Let's say I have a decision problem $P$ on graphs for which I know that it is NP-hard on graphs with maximum degree $d$. Does this then imply that it is NP-hard on $d$-regular graphs? Although it might seem obviously true, maybe it is inherent in the reduction to show that $P$ is hard, that some vertices have degree less than $d$.
No, it is not true in general.
A general problem being NP-Hard does not imply a specialization will be NP-Hard. It is true the other way round.
For instance, MAX-CUT is NP-Hard for general graphs, but for the class of planar graphs, it is in P.
In your case, the $d$-regular graphs are a special case of graphs of max degree $d$, so NP-Hardness for max degree $d$ is not an automatic proof of NP-Hardness of $d$ regular graphs.

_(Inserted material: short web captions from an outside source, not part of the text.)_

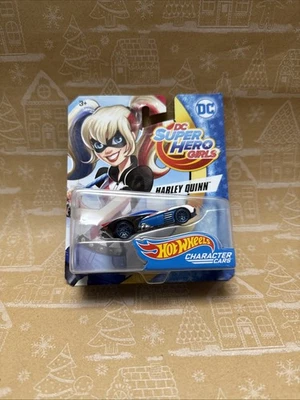 Coche personaje Harley Quinn 2016 DC Super Hero Girls Harley Quinn Hot Wheels NUEVO Foto 1 de 3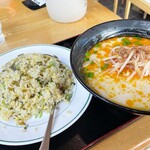 龍華 - ラーメンセット（台湾豚骨ラーメン＋高菜炒飯）@¥825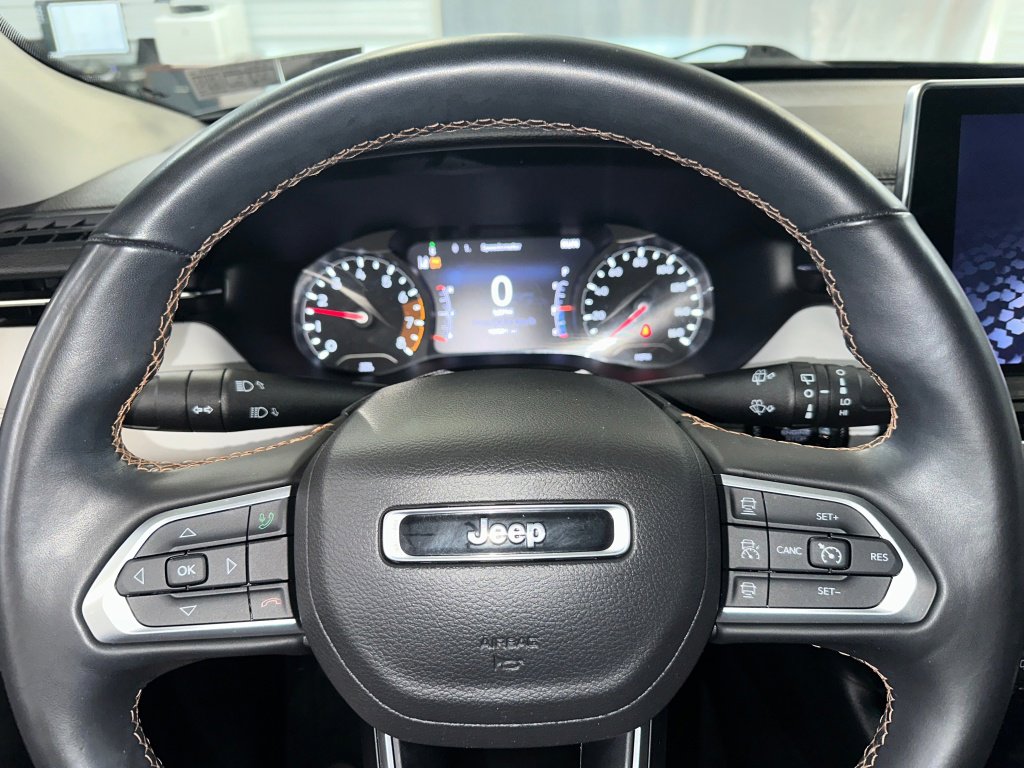 Used 2022 Jeep Compass Limited image 6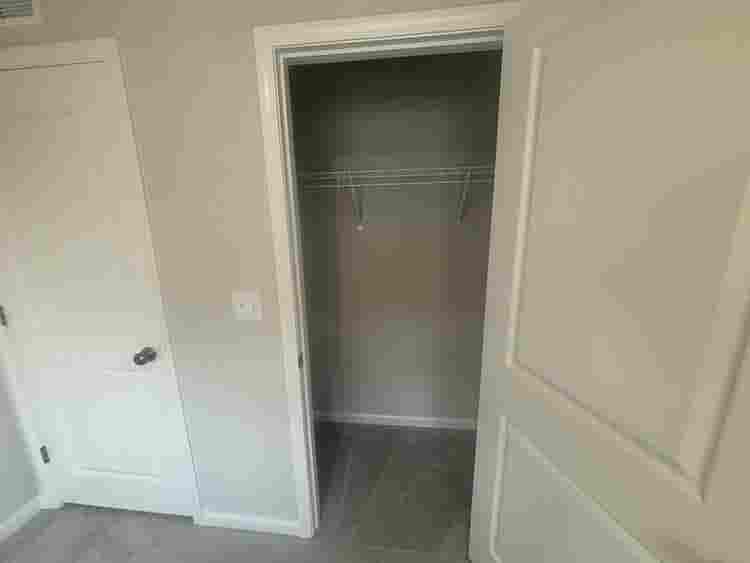 4 BR in Apex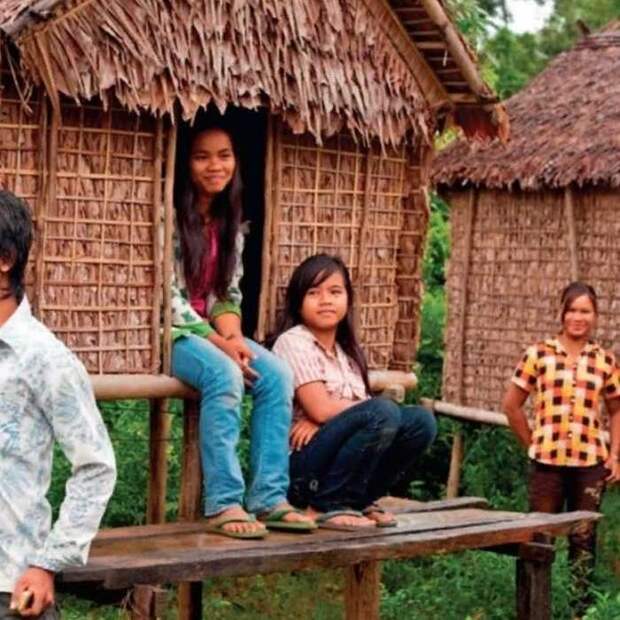 Как молодые девушки из племени Креунг используют хижину любви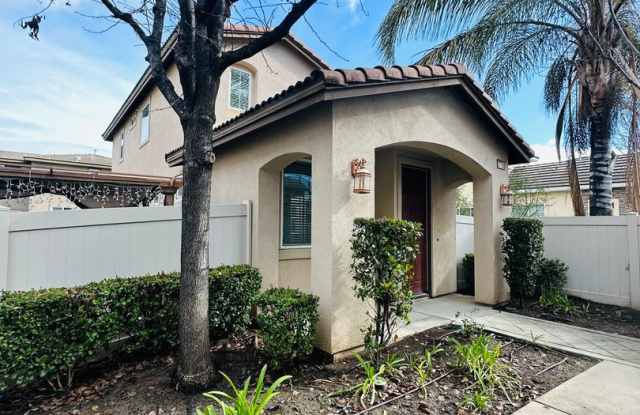 Charming 3 Bedroom 2.5 Bathroom Northstar Ranch Home with Spacious Layout & Community Amenities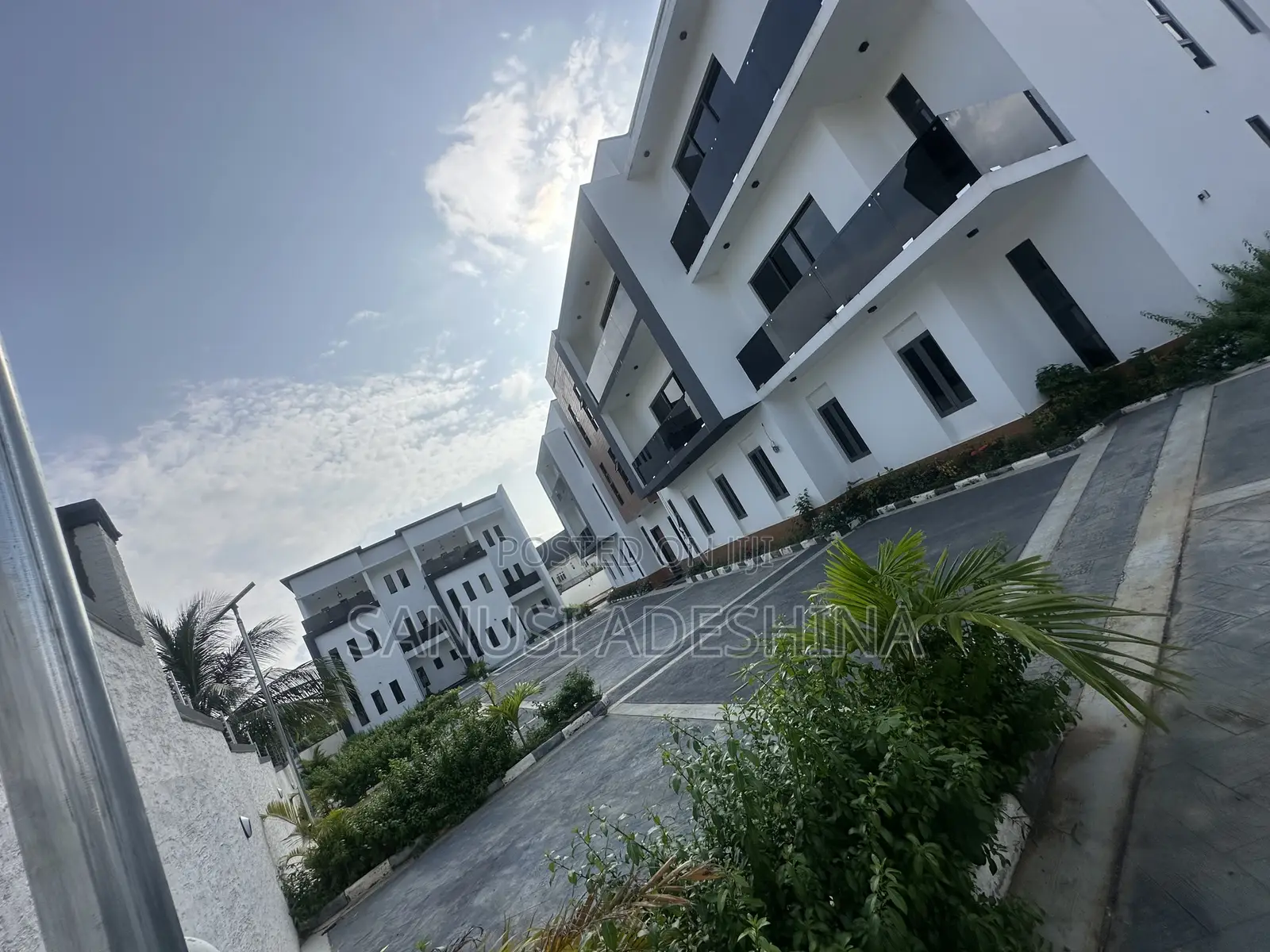 3bdrm Block of Flats in Katampe for sale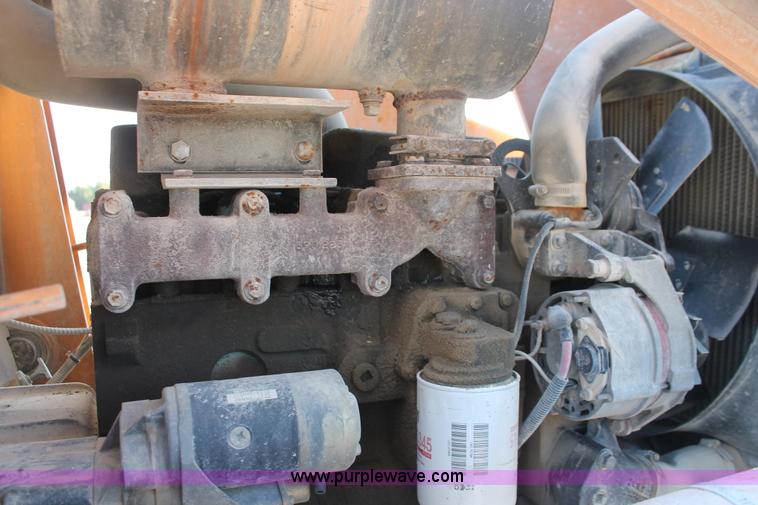 image for item I4735 2001 Case 570XLT Series Two loader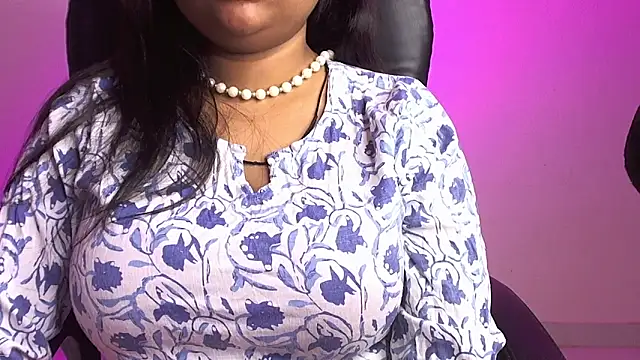 Snapshot of Kannu- chatting on 10-10-25, 04:57 Kannu- online show from 10-10-25, 04:57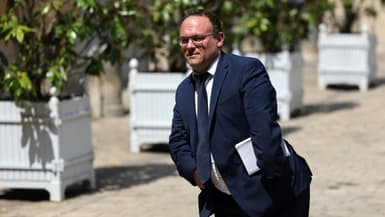 Le ministre des Solidarités Damien Abad arrive à l'hôtel Matignon, le 21 juin 2022 à Paris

In fact, for a concrete example, look at this cstheory question: Is there a problem that is easy for cubic graph but hard for graphs with maximum degree 3? with the following answer(by David Eppstein) in the affirmative (copied for convenience):
Here's a reasonably natural one: on an input $(G,k)$, determine whether $G$ has a connected regular subgraph with at least $k$ edges. For 3-regular graphs this is trivial, but if max degree is 3 and the input is connected, not a tree, and not regular, then the largest such subgraph is the longest cycle, so the problem is NP-complete.